▶ _What to produce_
A precise copy of the data is required, with every picture left out.

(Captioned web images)
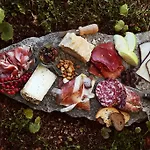Pizzini Mottarone - Restaurant And 3*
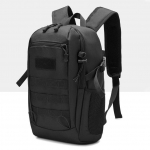 Reisi V&auml;ljas Seljakott Mini V&auml;ike Veekindel Telkimine Matkamine Kalastamine Jahipidamine Kott Ronimine Naised Mehed Seljakott One Size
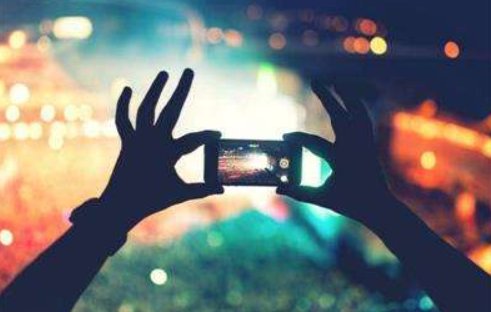 火山小视频怎么赚钱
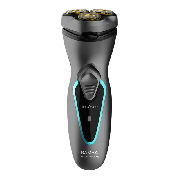 MAQUINA BARBEAR BAMBA PRECISIONCARE TITANIUM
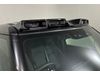 Land Rover Defender 90 D250 Hard Top X-Dynamic SE
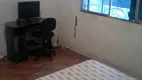 Foto 12 de Apartamento com 3 Quartos à venda, 146m² em Pinheiros, São Paulo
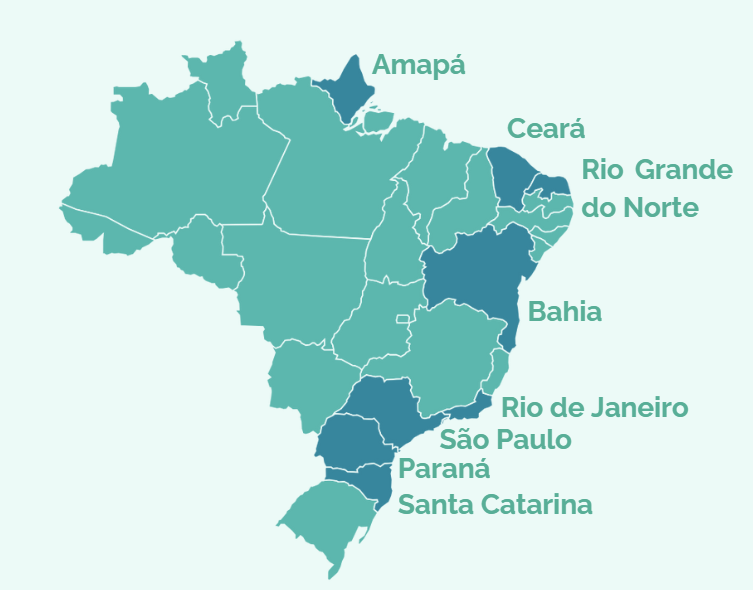 Captura de tela 2025-08-18 182747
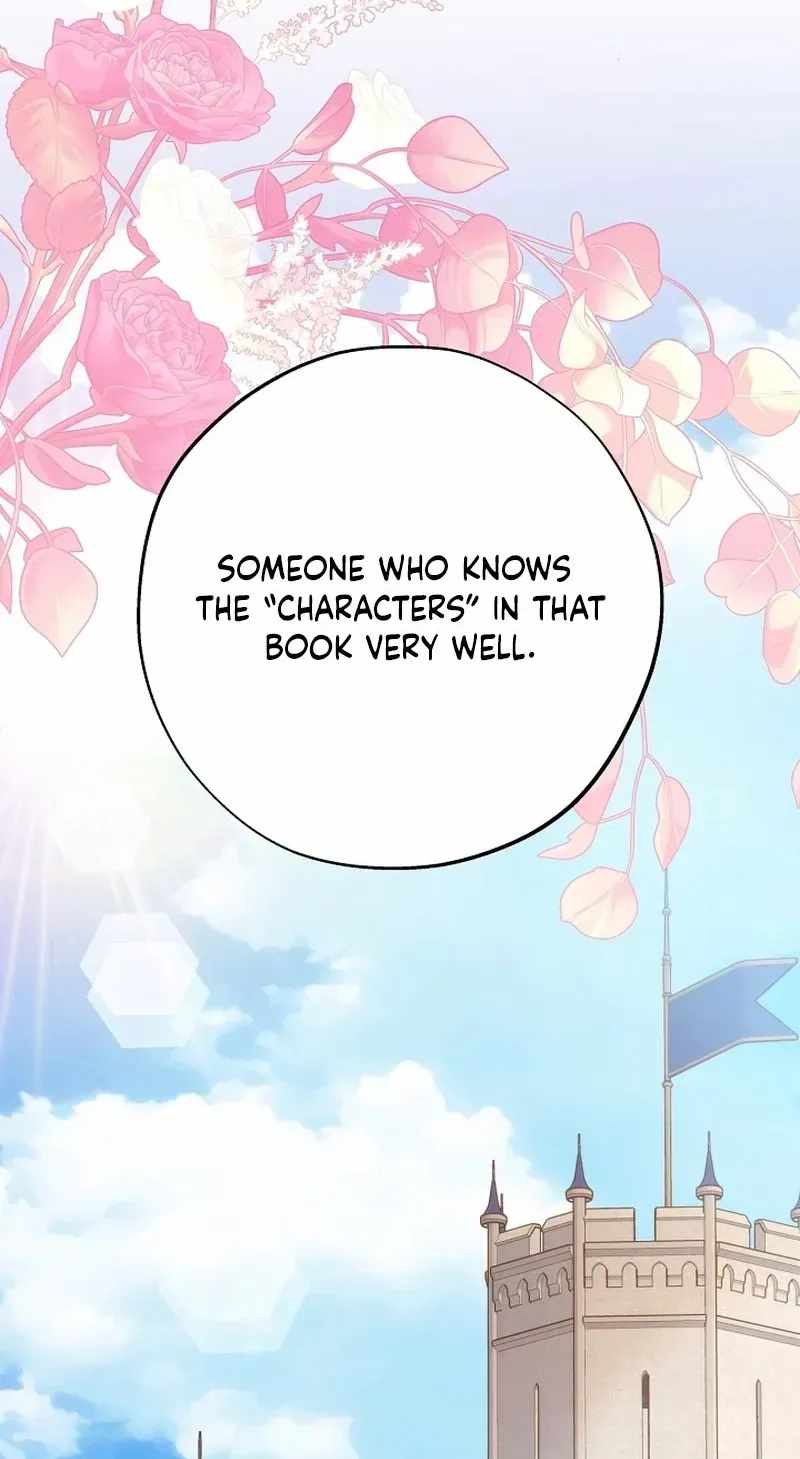 Another Typical Fantasy Romance Ch.166 p29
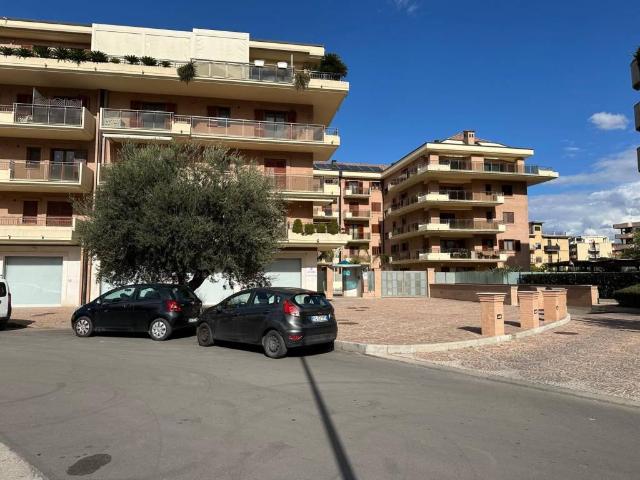 Appartamento in affitto a Puglia, Foggia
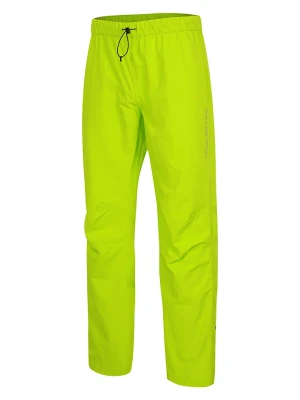 Protective Spodnie funkcyjne "P-Seattle" w kolorze żółtym rozmiar: XL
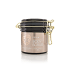 Avgerinos Perla Scrub Σώματος 250ml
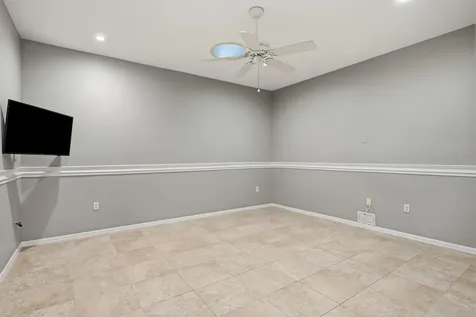3857 Timber Ridge Court Palm Harbor FL 34685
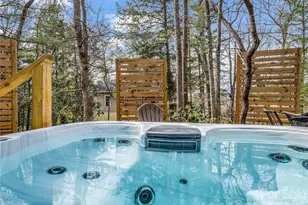 4 Western View St, Black Mountain, NC 28711 - Photo 38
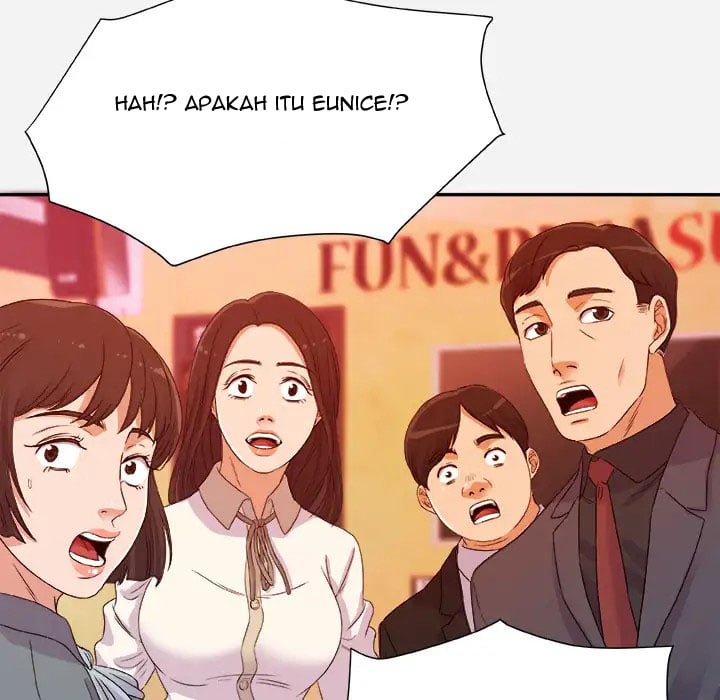 Alumni - Chapter 2 91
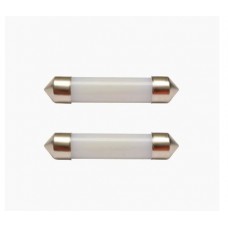 Габарит LED Prime-X F39 софітні (2 шт.)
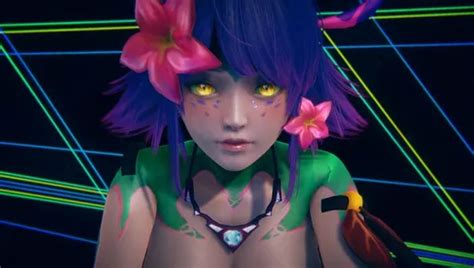 Sukkubus D Monenm Dchen Reitet Dich Pov Hentai Xhamster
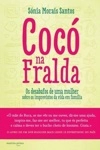 Coco Na Fralda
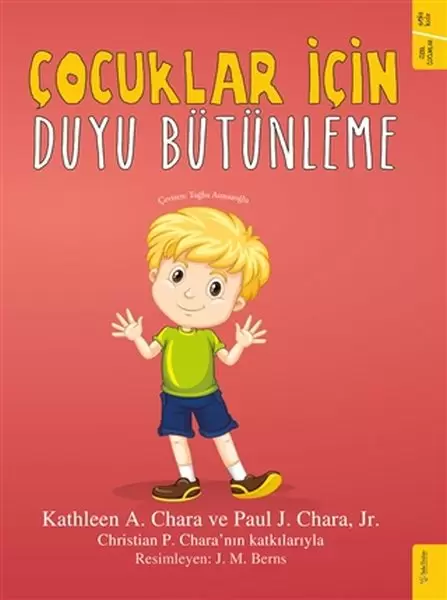 cocuklar-icin-duyu-butunleme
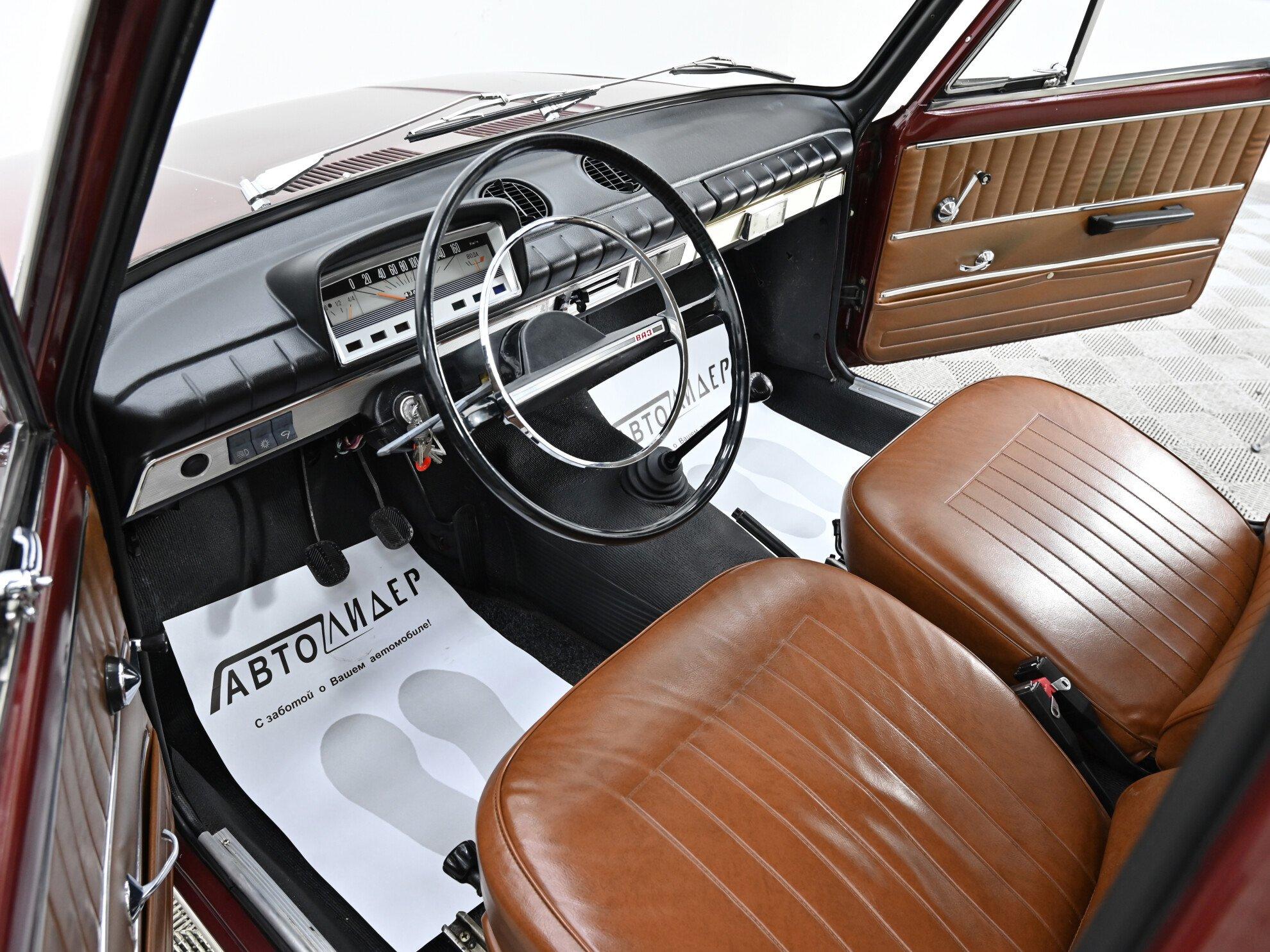 фото автомобиля 7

▶ _Exercise solution_
Pizzini Mottarone - Restaurant And 3*
 Reisi V&auml;ljas Seljakott Mini V&auml;ike Veekindel Telkimine Matkamine Kalastamine Jahipidamine Kott Ronimine Naised Mehed Seljakott One Size
 火山小视频怎么赚钱
 MAQUINA BARBEAR BAMBA PRECISIONCARE TITANIUM
 Land Rover Defender 90 D250 Hard Top X-Dynamic SE
 Foto 12 de Apartamento com 3 Quartos à venda, 146m² em Pinheiros, São Paulo
 Captura de tela 2025-08-18 182747
 Another Typical Fantasy Romance Ch.166 p29
 Appartamento in affitto a Puglia, Foggia
 Protective Spodnie funkcyjne "P-Seattle" w kolorze żółtym rozmiar: XL
 Avgerinos Perla Scrub Σώματος 250ml
3857 Timber Ridge Court Palm Harbor FL 34685
 4 Western View St, Black Mountain, NC 28711 - Photo 38
 Alumni - Chapter 2 91
 Габарит LED Prime-X F39 софітні (2 шт.)
 Sukkubus D Monenm Dchen Reitet Dich Pov Hentai Xhamster
 Coco Na Fralda
 cocuklar-icin-duyu-butunleme
 фото автомобиля 7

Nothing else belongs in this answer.